ABOUT THIS TASK
Could you print exactly the lines of the listing below, starting at the line that has "Eilish by Billie" and ending at the line that has "2024 Kawasaki Z900RS SE ABS", and only those lines?

DATA SUPPLIED
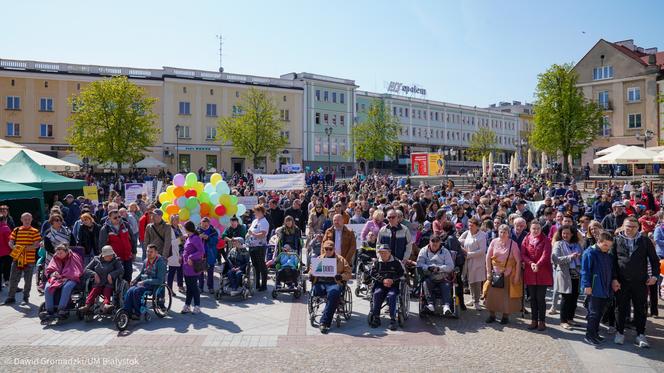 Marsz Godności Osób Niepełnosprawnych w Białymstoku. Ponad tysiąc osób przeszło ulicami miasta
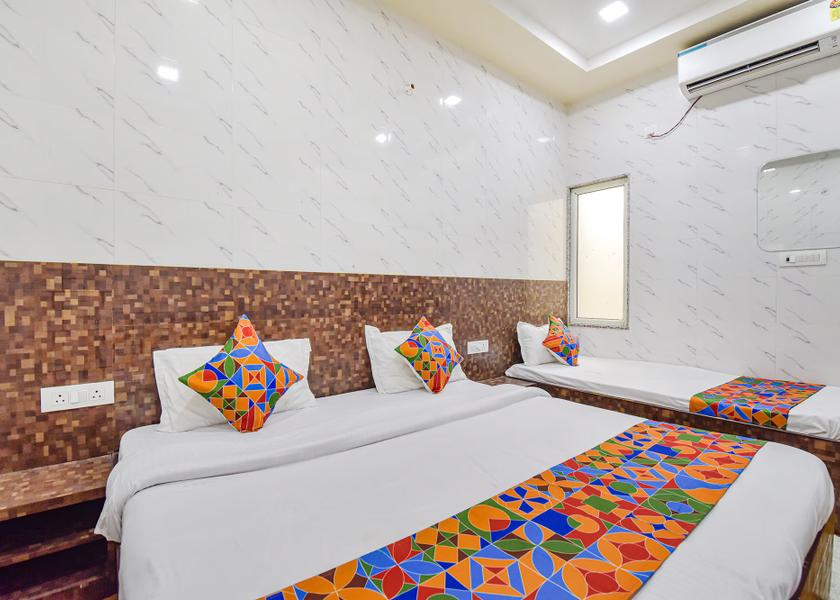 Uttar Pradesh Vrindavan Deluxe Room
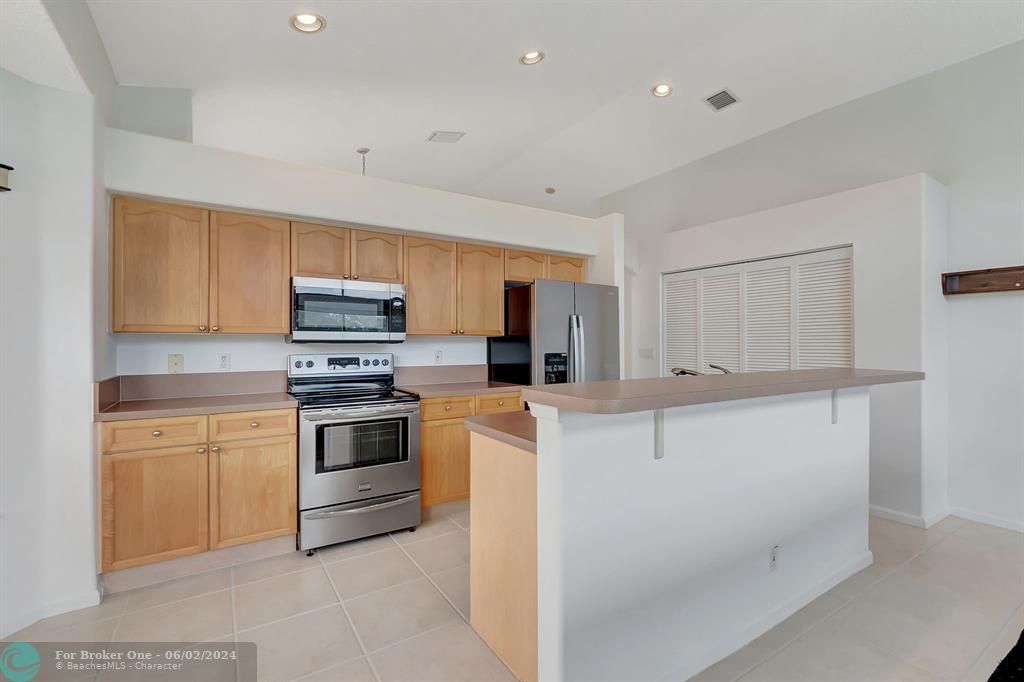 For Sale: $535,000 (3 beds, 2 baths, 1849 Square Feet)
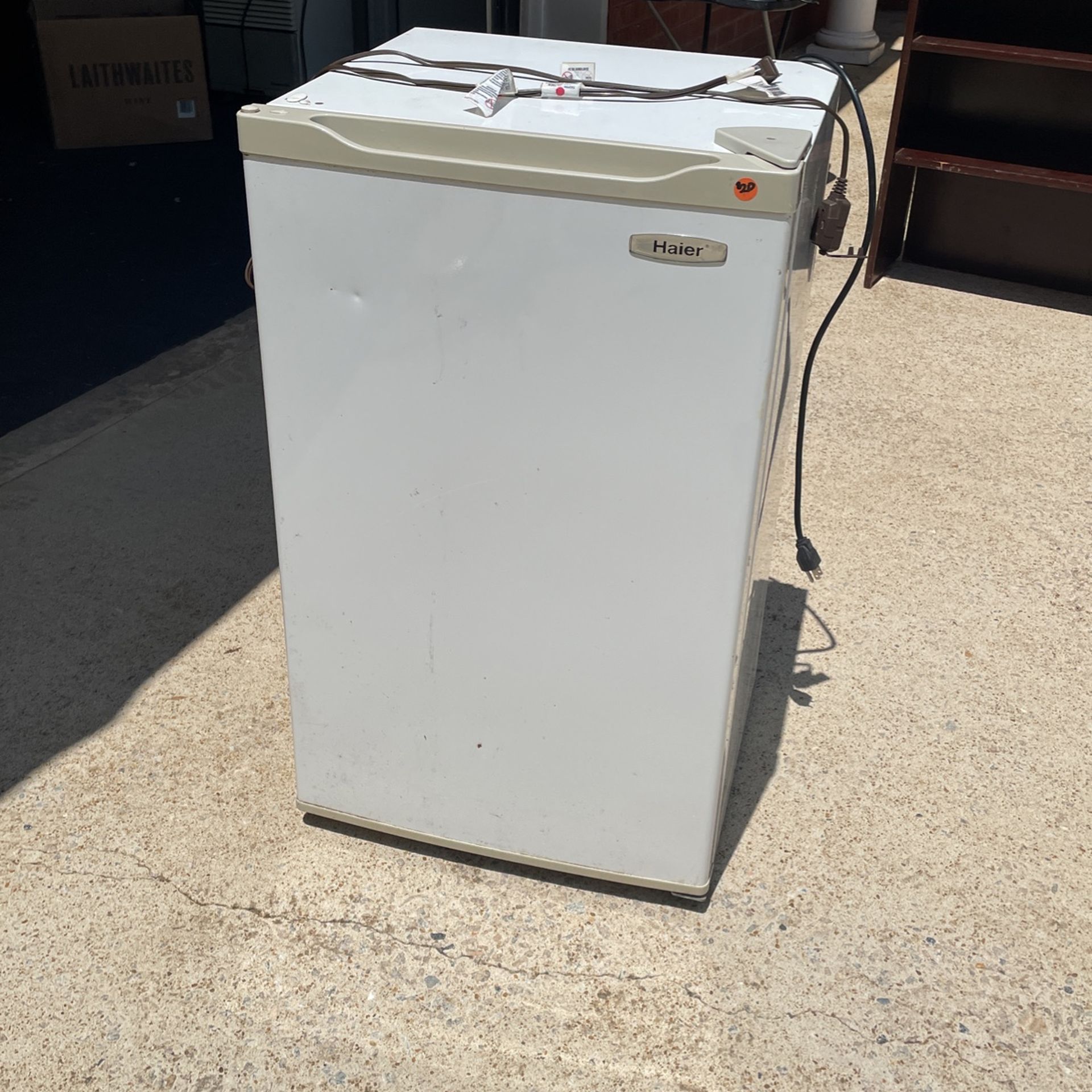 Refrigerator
* * *
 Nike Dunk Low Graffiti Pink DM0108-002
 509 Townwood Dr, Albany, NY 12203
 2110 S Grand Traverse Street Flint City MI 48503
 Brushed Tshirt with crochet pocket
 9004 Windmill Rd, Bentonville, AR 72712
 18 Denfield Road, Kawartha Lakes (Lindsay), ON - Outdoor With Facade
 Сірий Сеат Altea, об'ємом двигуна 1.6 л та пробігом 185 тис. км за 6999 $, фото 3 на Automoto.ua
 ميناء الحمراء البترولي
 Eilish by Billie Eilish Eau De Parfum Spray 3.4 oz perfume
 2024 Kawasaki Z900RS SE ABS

TASK RESPONSE
 Eilish by Billie Eilish Eau De Parfum Spray 3.4 oz perfume
 2024 Kawasaki Z900RS SE ABS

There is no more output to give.